I cannot help but wonder with each footstep, “what if I never left the woods?” Would my soul find a deeper meaning and live a more meaningful life? Would I eventually tire of the setting and want to leave to return to modern life? Would I find that the magic of escaping into the woods is the escape and opportunity to exist in it for short bursts? Maybe one day I’ll find out and maybe I won’t. 😉

Today I’m grateful for the increasing level of profound peace within my soul during my time in the woods. I feel more rested than I have in a very long time and even more excited to truly live.


Day 1,572 – Thankful for Going Into the Woods and Snowshoeing with Becky

This morning Becky and I hit the trails for some snowshoeing and enjoyed some quiet time in a true winter wonderland.

There is a deep level of stillness to be had in the middle of the woods on a snow covered day that no words could ever truly explain. All the sounds of the world are muffled by the layer of snow on the ground. All the colors are amplified by the bright white of the snow. The air seems so much more dense and fulfilling in the cold. The lack of people around leaves me feeling like we’re alone in the Alaskan wilderness.

There is no stress. There is no time. There are no demands. There is only us in the moment exploring the beauty of nature. From bent and curvy trees to juts of rocky outcropping to curtains of ice draping over the entrances of caves the entire landscape is magical in so many ways.

As if all of this could not get any better… I was able to experience all of this with Becky.

I am grateful for this opportunity to snowshoe in the UP and enjoy going into the woods with Becky.

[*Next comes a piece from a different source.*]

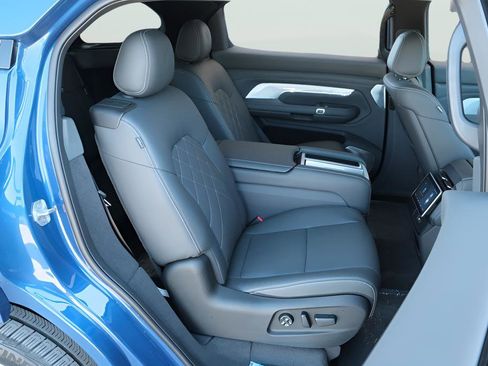 New 2024 VinFast VF 9 Plus AWD/4WD image 17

Day 1,571 – Thankful for Learning to Drive In the Snow In Northern Wisconsin

Driving through a snowstorm on lightly traveled snow covered roads can either be a nightmare or oddly peaceful and serene. Outside of being stuck behind a couple of people who certainly were seeing it as the former I was largely in the latter. When everything else is dark and the only color is the bright white of fresh snow in my headlights it can be a very awesome sight indeed. Everything takes on a black and white kind of feel. The little flashes of color – the vibrant yellow of a highway sign – seem to pop all the greater. Being surrounded by snow covered forest on either side add a comforting and warming sensation to the setting.

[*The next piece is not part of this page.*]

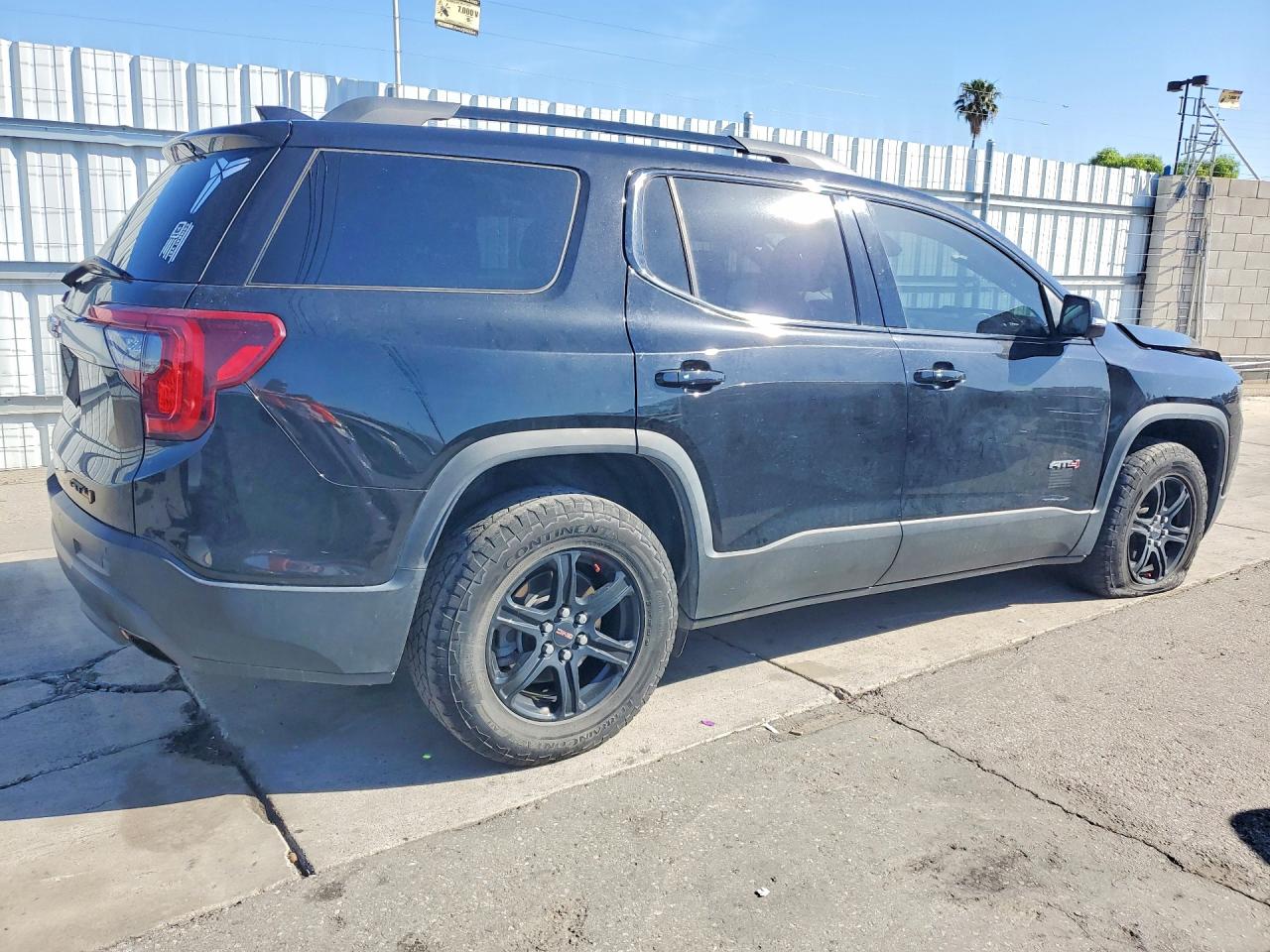 GMC Acadia At4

While I’m thankful for the peacefulness of winter driving like that what I’m even more thankful for is growing up in northern Wisconsin and learning to be comfortable and confident while driving in snowy conditions. The roads weren’t always plowed right away. Dad used to show Nick and I how the truck could fishtail in the now. One time I still remember him spinning us in an almost complete 360!

While it may not have been the safest thing ever, I remember often taking advantage of being on a quiet snow covered road or an empty parking lot and seeing just how the snow handled. Picking up speed, hitting the gas, turning the wheel hard, figuring out how to correct when owing control. At the time it was 100% curiosity and fun, now when I look back I see it as some excellent practice. Thanks to growing up driving in snow I’m able to take a deep breath and chill (pun totally intended) while enjoying the beauty around me.


Day 1,570 – Thankful for a History Lesson, an Outdoor Story, and Dream Fuel Rolled Into One Book

A few weeks ago I was wrapping up the second listen of Jim Collins on the Tim Ferriss podcast. When it was done I had intended to listen to a different one of Tim’s podcasts but somehow I’d screwed up and it wasn’t downloaded. As luck would have it there was one more podcast downloaded to my phone, but it was with some dude I’d never heard of. Seeing as I’ve yet to be disappointed with a Ferriss podcast I fired it up and listened to some dude named Steven Rinella.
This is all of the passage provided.